**Task details**: Reproduce the listing word for word. Skip any image.

**Data section**:
□ □ □ □ □

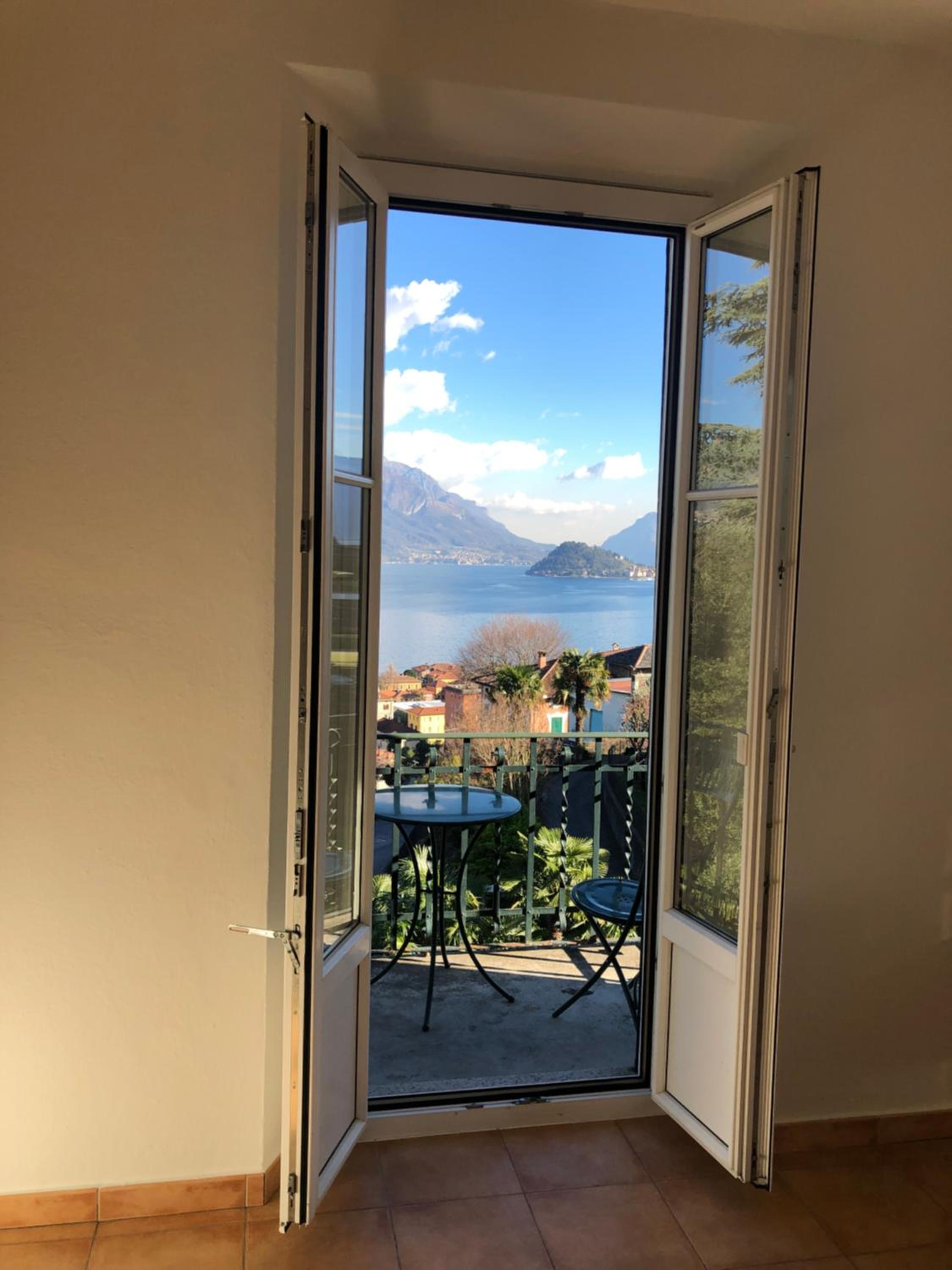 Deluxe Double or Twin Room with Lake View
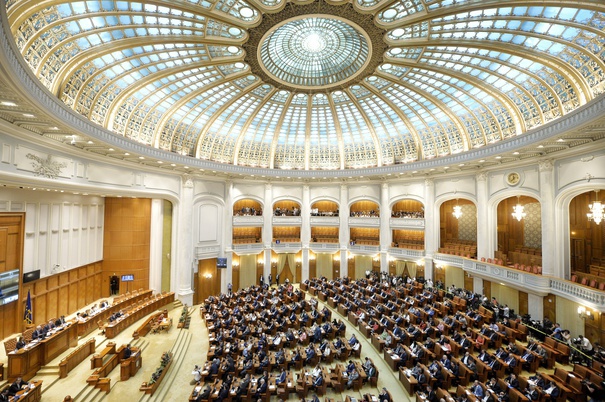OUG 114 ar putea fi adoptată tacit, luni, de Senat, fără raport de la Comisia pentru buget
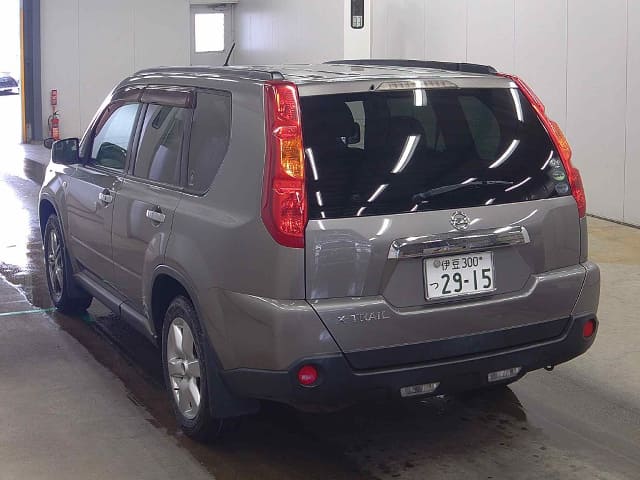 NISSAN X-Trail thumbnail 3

□ □ □ □ □

**Task output**:
 Deluxe Double or Twin Room with Lake View
OUG 114 ar putea fi adoptată tacit, luni, de Senat, fără raport de la Comisia pentru buget
 NISSAN X-Trail thumbnail 3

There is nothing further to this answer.